What Is Optimization?
Optimization is the process of trying to find the “best” solution to a problem. For example, a company might have three manufacturing plants, each manufacturing different quantities of different goods. Given the cost for each plant to produce each good, the costs for each plant to ship to each store, and the limitations of each plant, the goal is to find the optimal way to adequately meet the demand of local retail stores while minimizing the transportation costs.

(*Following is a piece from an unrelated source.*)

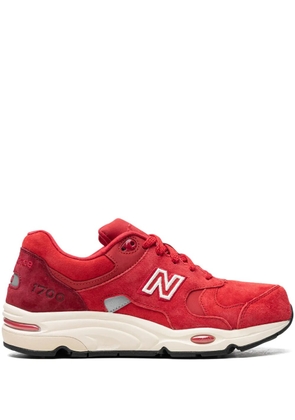 New Balance 1700 'Kith Toronto Rococco Red' sneakers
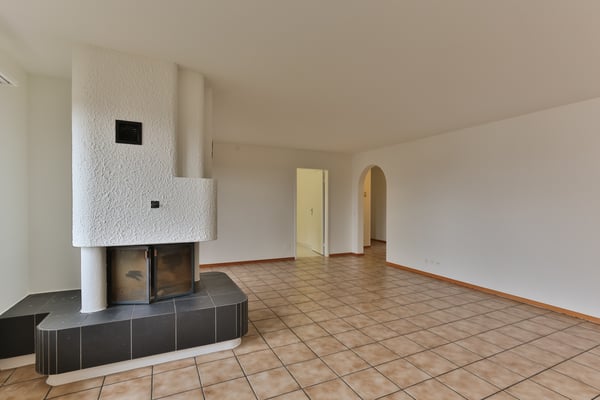 Zentrale, grosszügige 4½-Zimmerwohnung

This is the type of problem that optimization is designed to answer, but it is certainly not the only type. Optimization models of various types appear in the fields of operations management, finance, marketing, economics, engineering, and others. They all share a common goal - to select values of inputs to maximize (or minimize) an objective value, possibly subject to constraints.
Traditionally, most optimization models have been deterministic, meaning that they don’t include any explicit uncertainty. For example, if a demand forecast is part of the model, it is entered as a fixed number, with no uncertainty. Evolver is designed to optimize only deterministic models. If your model include explicit uncertainty, in the form of probability distributions for some of the variables, you can use Palisade’s companion product RISKOptimizer, which is integrated into @RISK.
Evolver and RISKOptimizer are quite similar in many ways, but they differ in one fundamental way - when Evolver needs to check how “good” a potential solution is, all it has to do is evaluate spreadsheet formulas, such as the formula for profit, once. In contrast, RISKOptimizer has to run a simulation to discover the range of possible profits for that particular solution. So RISKOptimizer is able to solve a larger class of problems, those with uncertainty, but it tends to be much slower than Evolver.